Boete en voorwaardelijke celstraf geëist voor verstrekken hennepolie zonder controle en vergunningen

Vandaag ging het in de rechtbank Zwolle om hennepolie. Een stichting en een bestuurslid  moesten zich verantwoorden voor de rechter. Het Openbaar Ministerie (OM) verwijt de stichting en bestuurder hennepolie te verstrekken zonder zich te houden aan de eisen van de Geneesmiddelenwet. Er zijn  geen vergunningen verleend aan de stichting, het middel is niet geregistreerd en het middel is niet voorzien van een vergunning.

Het product hennepolie valt onder de werking van de Opiumwet. Door de wijze waarop dit door de stichting op de markt wordt gebracht, via een website, folders en de bijsluiters, valt het ook onder de werking van de Geneesmiddelenwet.
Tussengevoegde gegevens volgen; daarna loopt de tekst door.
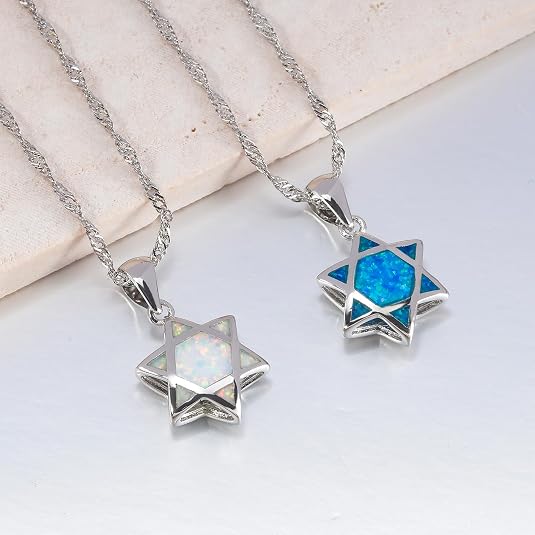 다윗의 별 오팔 펜던트 목걸이 양면 유대교 헥사그램 보 - Jewelry & Watches Store 리뷰 및 가격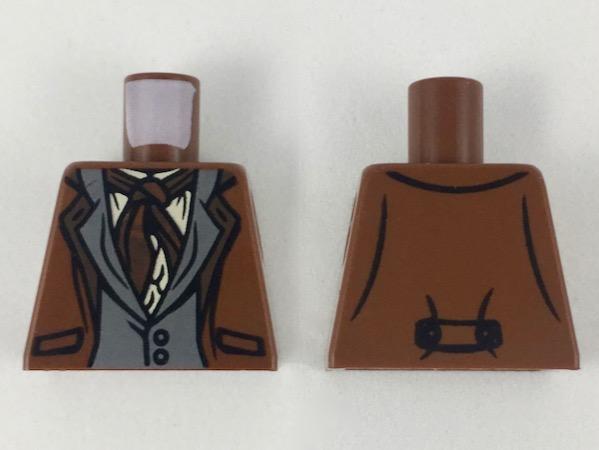 Lego Torso Harry Potter Suit, Dark Bluish Gray Vest, Dark Brown Ascot, Tan Shirt Pattern / Reddish Brown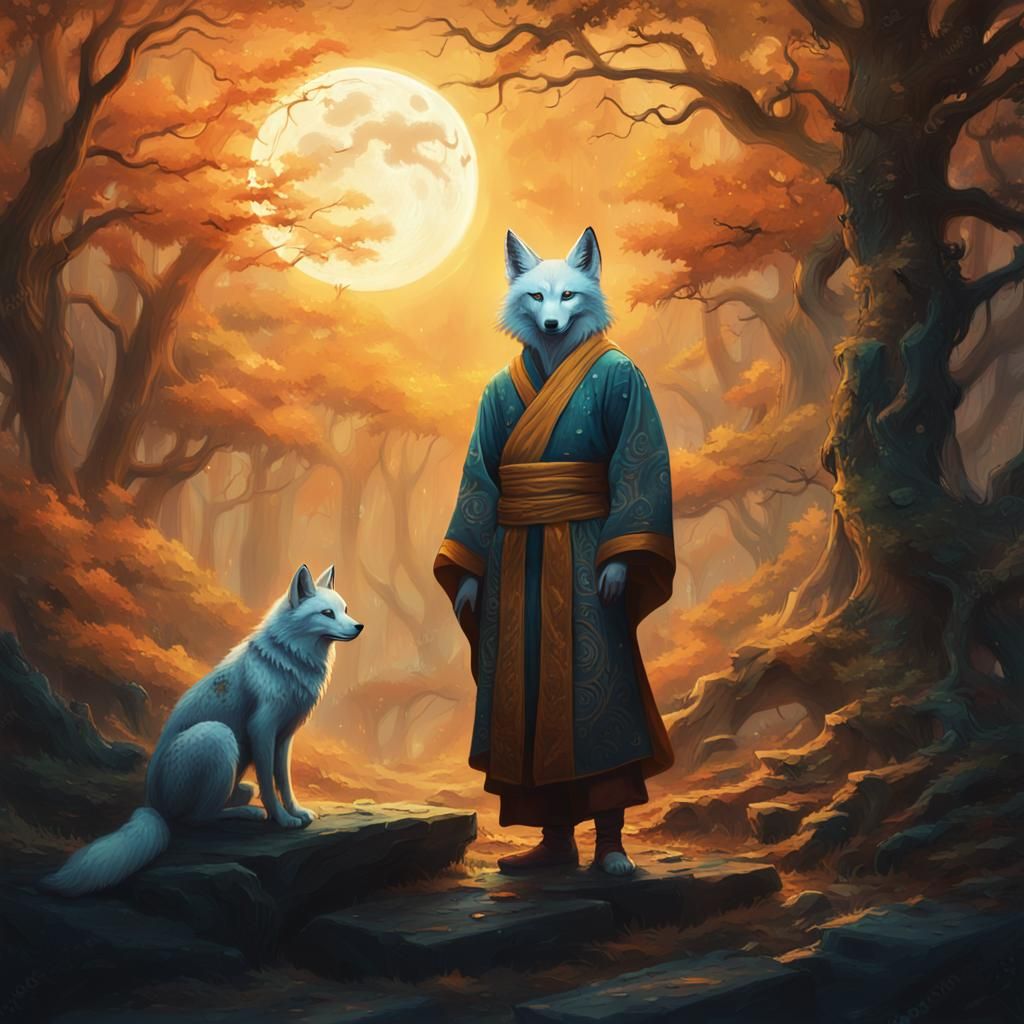 Mystical Moon Kitsune Monk in Forest Ruins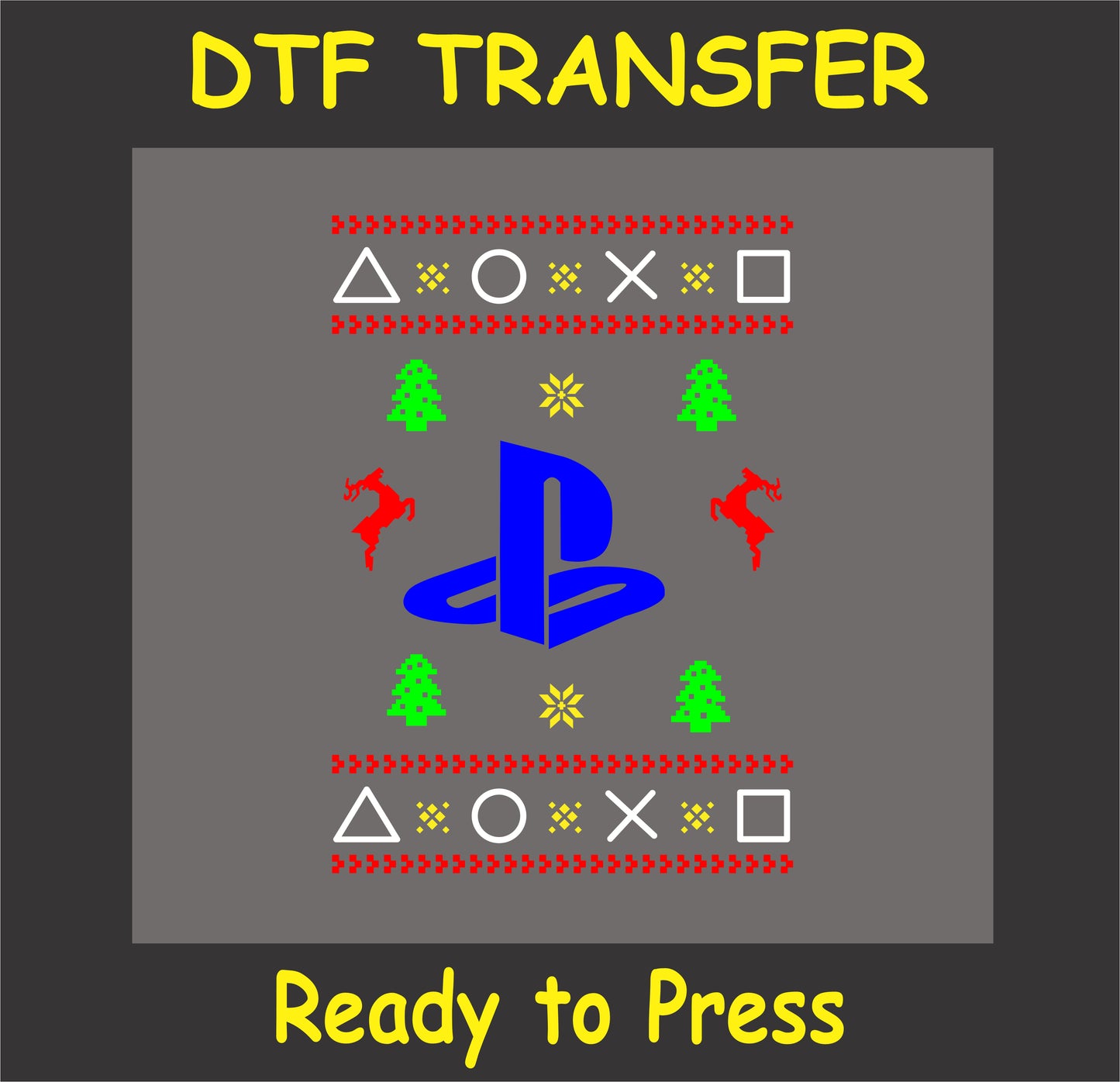 "Gamer holiday DTF transfer with console symbols in an ugly sweater design for festive apparel"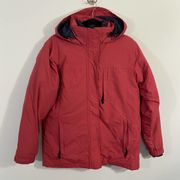 LL Bean Women's Red 2 In 1 Insulated Parka Hooded Jacket Size Small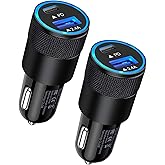30W USB C Car Charger, [2Pack] PD 3.0 Fast Charge Dual Port USB Type C and 2.4a USB A Cargador Carro Lighter Adapter Base for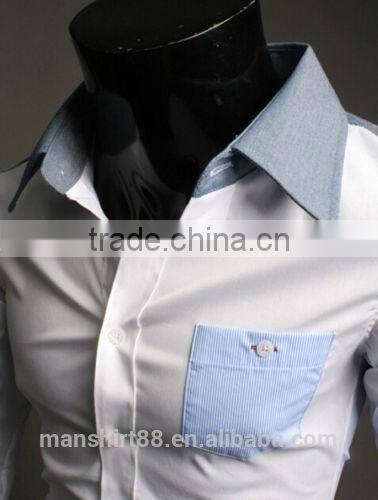 New Mens Plaid Hit Color Long Sleeve slim fit casual Shirt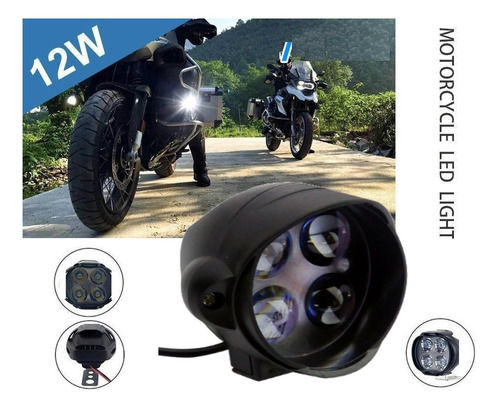 Neblinero 4 Led Con Lupa Moto Cuadrimoto 12v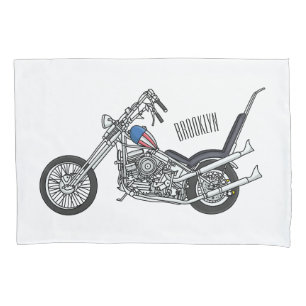 Chopper Motorcycle 1950 cartoon illustration Pillowcase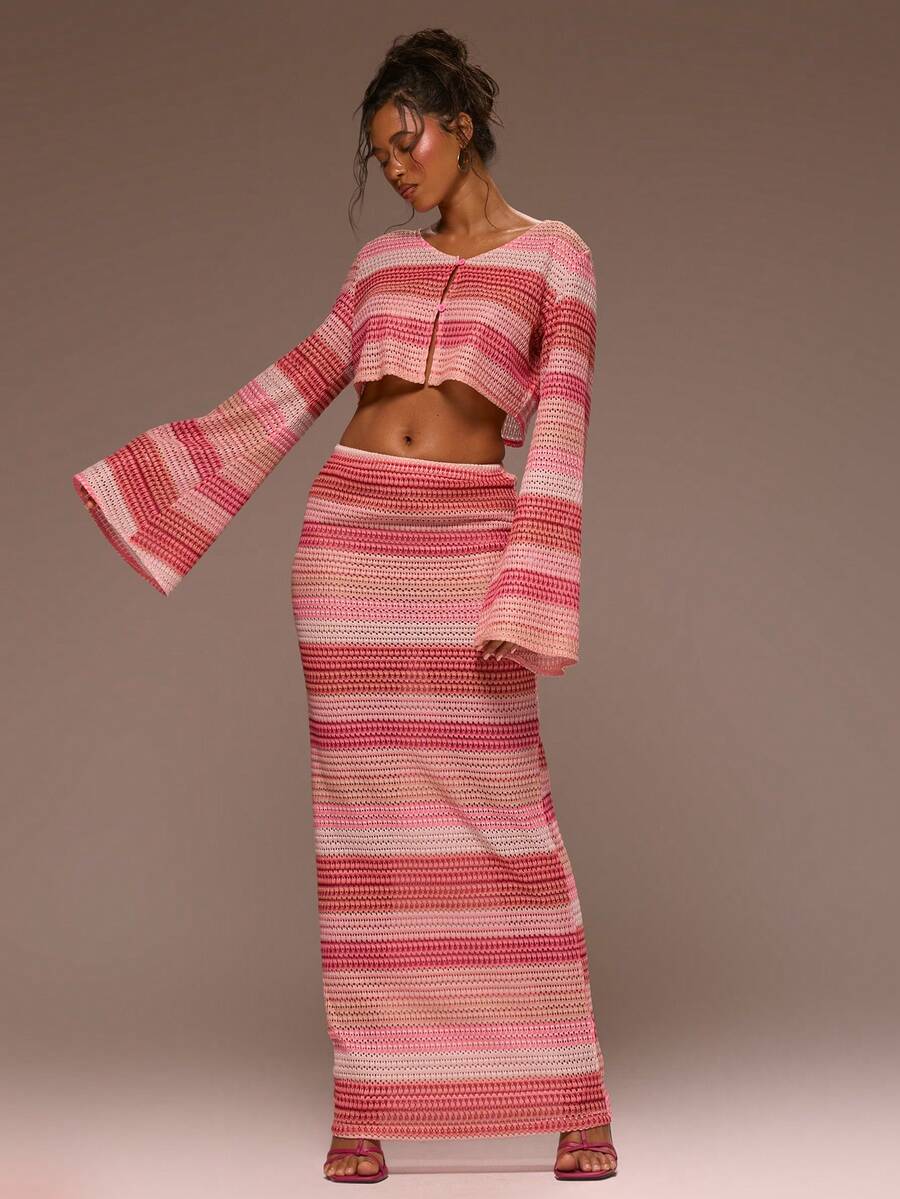 MUSERA Falda larga con textura y estampado de rayas de baja cintura, solo para ocasiones femeninas, primavera, verano, vacaciones, salidas nocturnas, bonita, Arenas Doradas - Multicolor - Ver 1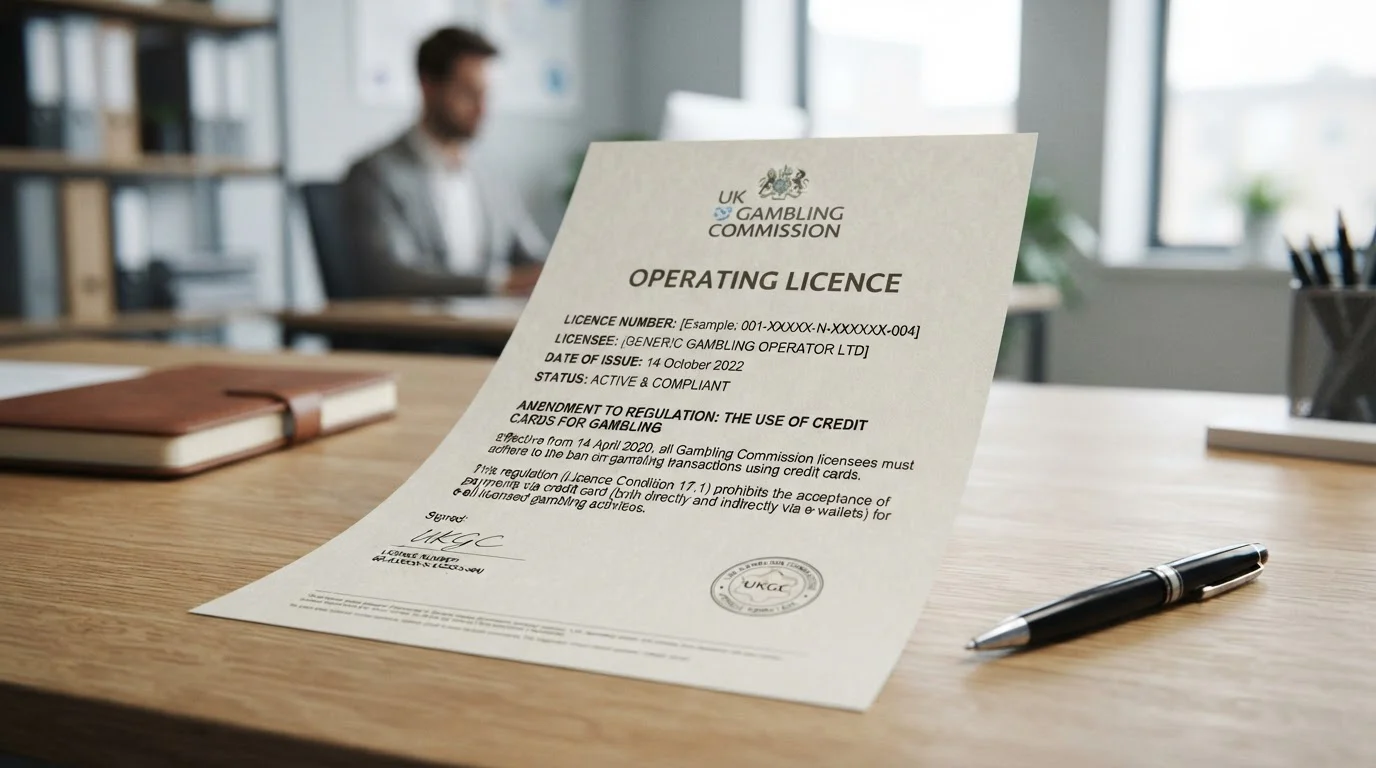 UK Gambling Commission license document with credit card ban text highlighted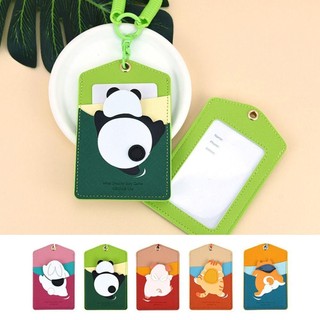Vỏ thẻ RISEDOT, Hộp đựng thẻ dây chuyền có thể thu vào mùa xuân nhiều màu, Bền PU Panda Rabbit Piggy Dog Cat Card Tay áo thẻ xe buýt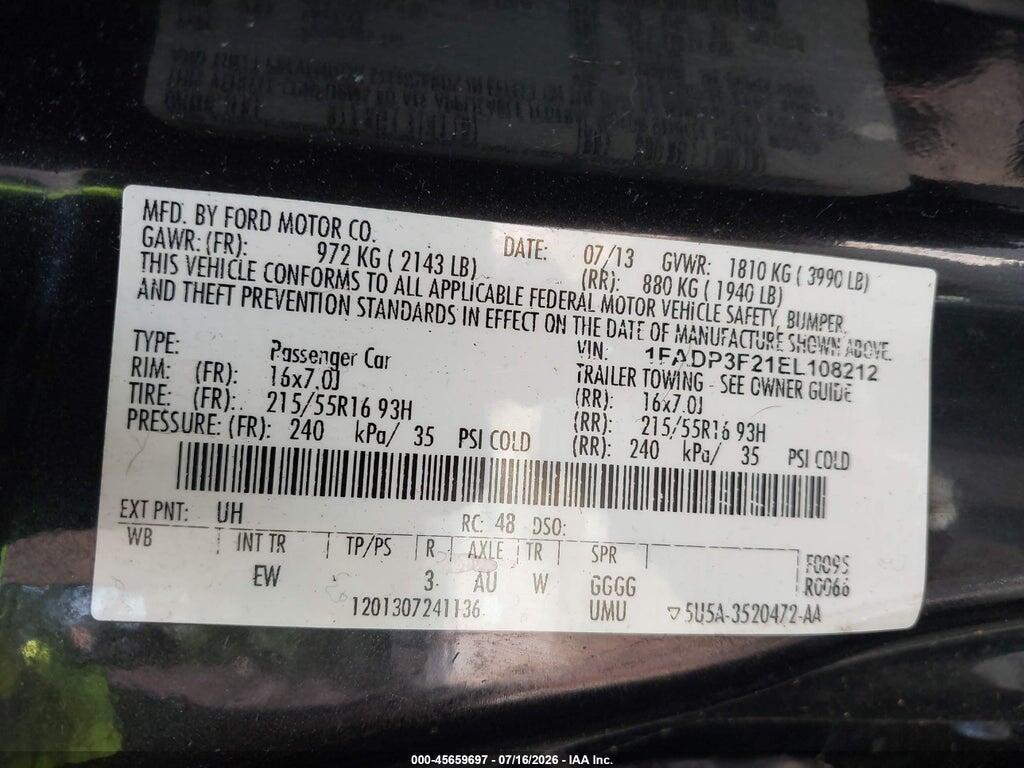 1FADP3F21EL108212 2014 FORD FOCUS photo no. 9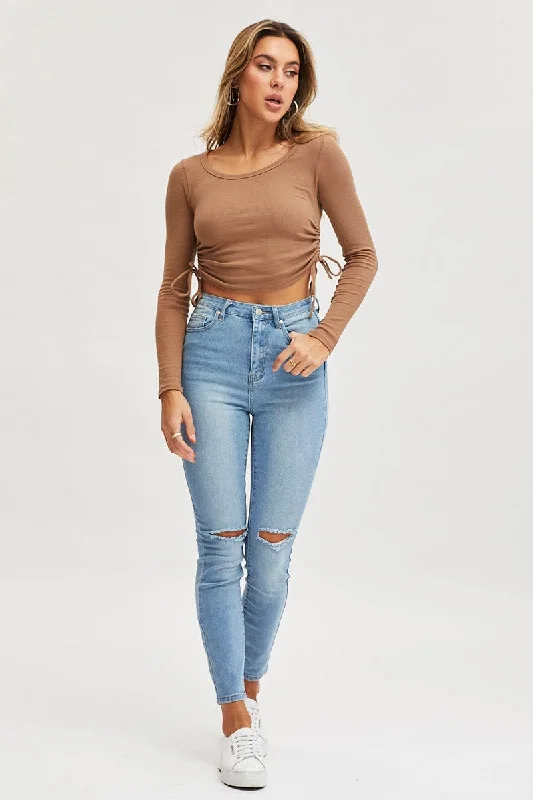 Blue High Rise Knee Slash Skinny Denim Jean Trendy Layered Pocket Jeans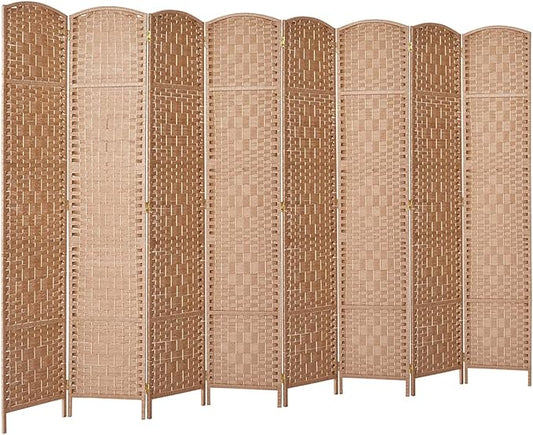 RHF 6 Ft. Tall Extra Wide-Diamond Weave Fiber Room Divider, 8 Panel Room Divider/Screen,Room Dividers and Folding Privacy Screens 8 Panel&Room Dividers and Folding Privacy Screens-Natural, 8 Panel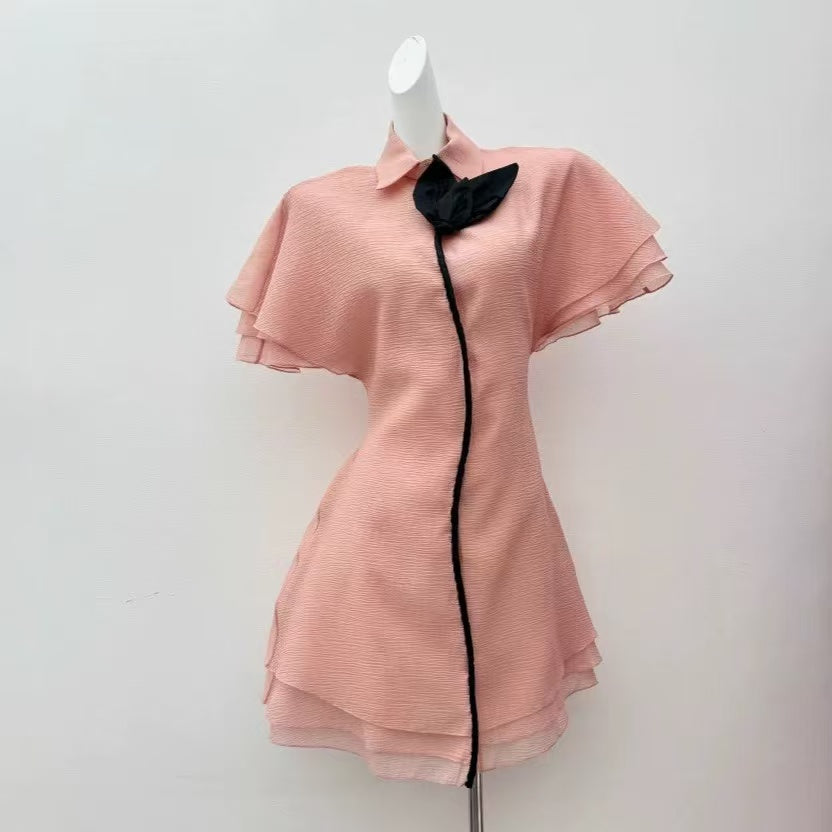 Flowering Girl Women Layer Trim Chiffon Shirt Mini Dress In Pink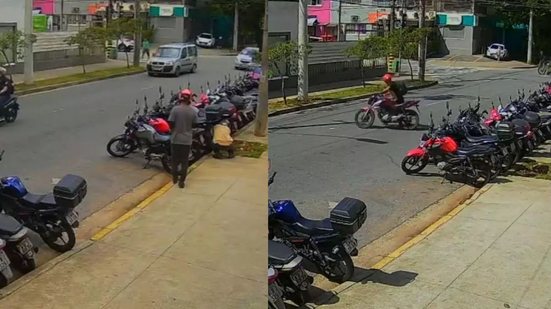 Vídeo de câmera de segurança mostra criminosos em Santos, que agiram em plena tarde em uma área movimentada - Imagem: Reprodução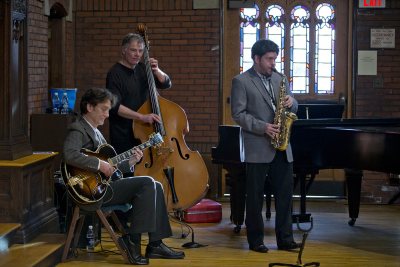 John Smedley, Tim Clough and Dale Chapman -- aka the Three Point Trio -- opened the King Day keynote event with jazz. (Phyllis Graber Jensen/Bates College)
Regels uit de Opiumwet en de Geneesmiddelenwet worden volgens het OM overtreden.

De stichting en het gebruikte model

“De stichting verstrekt hennepolie en daaraan verwante producten aan mensen die daar baat bij zeggen te hebben. De Stichting wordt gesteund door een behoorlijk aantal mensen in de samenleving en heeft voor haar klanten en vele anderen ook een sociale functie. De wijze waarop de stichting is georganiseerd en de gehanteerde werkwijze is sociaal te noemen. Er zijn plekken in het land gevonden waar lotgenoten elkaar kunnen treffen en kunnen spreken. Er zijn vrijwilligers in huis die anderen helpen waar dat nodig is. Het gebruikte model om producten te verkrijgen van de stichting is niet gebruikelijk. Allereerst dien je donateur te worden voor een bepaald bedrag per jaar. Daarna kun je bestellen en wordt er periodiek geleverd. Er zijn mensen die veel kunnen betalen en ook daadwerkelijk veel betalen voor de bestelde producten en er zijn mensen die minder betalen voor de producten. De producten kunnen ook ‘om niet’ verkregen worden als iemand niet beschikt over financiële middelen.  Een sociale en menslievende organisatie en werkwijze op deze punten.”, aldus de officier.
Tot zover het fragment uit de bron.